Cross Cultural Protocols Working Retreat
September 5-7, 2014, The Ojai Foundation, Ojai, CA
Intention: To develop a set of Cross-Cultural Protocols for the Youth Passageways network through a process that contributes to healing and reconciliation, and further develop the ongoing community that will carry this piece of Youth Passageways’ work forward.
Participants: Sharon Bearcomesout, Montana; Orland Bishop, California; Joshua Gorman, California; Mark Robinson, Washington, DC; Miakoda Collins, California; Lyla June Johnston, California; and Marisa Taborga-Byrne, California.
Organizers: Khepe-Ra Maat-Het-Heru, Massachusetts; Sharon Shay Sloan, Mother Earth in General; Sobey Wing, British Columbia, Canada; and Ramon Parish, Colorado.
Co-Coordinators: Darcy Ottey, Washington and Pat McCabe, New Mexico.
The organizers for this event put many hours, and true heart and soul into holding, designing, and bringing to fruition this gathering. With love, hope and tenacity they made a place for Right Relations to seed and grow as the Youth Passageways network, many roads coming together on behalf of the next generations. Thank you!
Day One: Gathering
Arrivals happened in rental car pods making their way through L.A. traffic toward the hills moving east from the coastline. Our participants came from all over the nation, from Washington, DC, to Colorado, to Vancouver, Canada to Irvine, CA. Our subject and this network was enough to call members from all parts to come together and give three days of their time toward exploring this aspect of our proposed work on behalf of our newly forming community.
We met first under a grape arbor in the dry heat of Ojai, beginning with an orientation to the land, tended and cultivated for many years, for coming-togetherings exactly like ours. We were walked through the places that we would mostly likely be visiting during our stay, ending at the magnificent Teaching Tree, overarching Elder of Elders on the land. The Buddha would have appreciated such a tree. We had a chance to put our things away in our own “Dome Sweet Domes,” geo-turtle shelters on pathways in a cluster and agreed to meet at a yurt at the end of the trail.

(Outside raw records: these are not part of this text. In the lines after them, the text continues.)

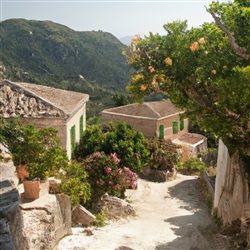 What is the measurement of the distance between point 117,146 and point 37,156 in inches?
364

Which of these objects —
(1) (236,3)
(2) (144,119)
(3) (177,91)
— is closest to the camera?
(1) (236,3)

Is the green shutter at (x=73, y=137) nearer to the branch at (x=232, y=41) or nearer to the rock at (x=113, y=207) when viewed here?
the rock at (x=113, y=207)

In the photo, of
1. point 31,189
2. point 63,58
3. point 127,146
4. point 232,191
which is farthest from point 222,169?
point 63,58

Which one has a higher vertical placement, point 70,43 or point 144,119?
point 70,43

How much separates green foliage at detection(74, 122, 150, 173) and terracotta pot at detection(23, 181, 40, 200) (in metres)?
9.17

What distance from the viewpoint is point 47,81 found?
67.7 metres

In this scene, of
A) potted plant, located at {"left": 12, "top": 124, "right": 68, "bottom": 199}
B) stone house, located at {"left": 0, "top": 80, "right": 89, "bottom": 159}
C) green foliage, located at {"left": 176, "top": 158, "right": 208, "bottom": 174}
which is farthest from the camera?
green foliage, located at {"left": 176, "top": 158, "right": 208, "bottom": 174}

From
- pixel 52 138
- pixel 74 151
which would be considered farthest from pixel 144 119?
pixel 52 138

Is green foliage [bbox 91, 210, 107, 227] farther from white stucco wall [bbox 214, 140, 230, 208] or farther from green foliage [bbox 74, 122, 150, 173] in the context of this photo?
green foliage [bbox 74, 122, 150, 173]

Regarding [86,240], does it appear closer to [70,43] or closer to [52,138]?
[52,138]

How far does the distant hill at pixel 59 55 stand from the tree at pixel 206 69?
5664 cm

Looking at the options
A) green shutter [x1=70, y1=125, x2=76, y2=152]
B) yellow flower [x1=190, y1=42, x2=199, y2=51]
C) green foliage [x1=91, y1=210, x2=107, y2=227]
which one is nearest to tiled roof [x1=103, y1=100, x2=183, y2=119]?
green shutter [x1=70, y1=125, x2=76, y2=152]

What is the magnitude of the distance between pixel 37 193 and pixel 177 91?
555 cm

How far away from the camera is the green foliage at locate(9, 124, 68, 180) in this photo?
11.6 metres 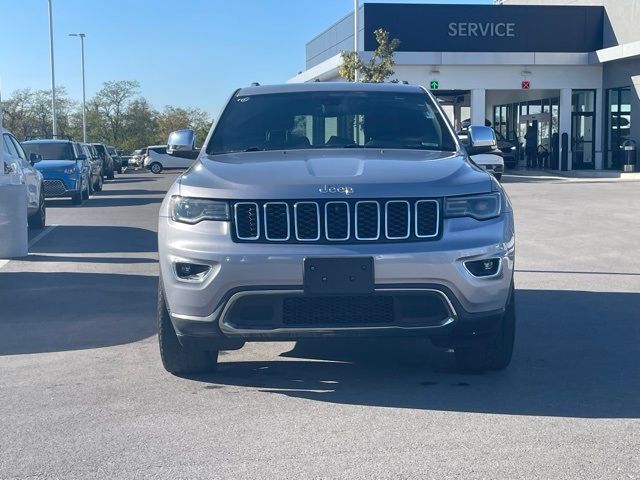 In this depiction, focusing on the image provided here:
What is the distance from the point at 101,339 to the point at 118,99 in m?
79.0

As Darcy Ottey greeted us at the entrance to the yurt, she carefully and reverently washed our feet in an act of gratitude, humility and honoring for each one who had made their journey for this work. Opening ceremony included song and poetry and a blessing prayer by elders Sharon Bearcomesout and Mark Robinson.
After dinner we had a round of Council, a form of talking circle for which the Ojai Foundation is known, held by Shay Sloan and Pat McCabe. Our introductory inquiry was: What brings you? How do you carry these questions in your work? What are your edges around cross-cultural relations? In this opening round we heard about each others’ work, challenges, hopes for our time together. A feeling of connection, trust and rapport among us, many sitting together for the first time, began to develop. There was gratitude for the topic, and not dancing around the edges.
Day Two: Drawing on the Collective, Attitude & Goodwill
Assess: Can we assume goodwill? If ‘Yes’ then commit to this premise.
Heart-to-heart exchange through relationship building can distinguish co-creation from appropriation.
“We enter with a spirit of humility, and openness to learning. We strive to trust that others are doing the same. The goal is understanding, the power of bearing witness for one another, and healing and reconciliation to move forward from this place to the future we want to create. The goal is not to inflict shame on one another, but to cultivate awareness and responsibility. We acknowledge our common goals and work by assuming goodwill in our interactions.” Excerpt from Youth Passageways’ rough draft of Cross-Cultural Protocols Presented
Because of previous experiences of other gatherings that broke down, to some extent, due to developing conflict over cultural differences and cultural insensitivities, the organizers of this retreat sought to include an upfront conflict management agreement. This was to be used for this particular gathering, but also as an exercise in gathering best practices for how others create a container for successfully moving through sensitive discussion with multiple cultures and points of reference. As it turned out, our group was, by and large, fairly adept at being observer of ourselves and our processes. Still our harvest of best practices for creating safe containers for these conversations and meetings was very useful, and will be drawn on in coming months as we publish our working Guiding Principles.
Our next working session the following morning was a brainstorming session about what people found helpful in their work – best practices they had developed or used in cross-cultural work and meetings. We asked them to write their distillations of this brainstorm on the wall and took time to read each others’ practices.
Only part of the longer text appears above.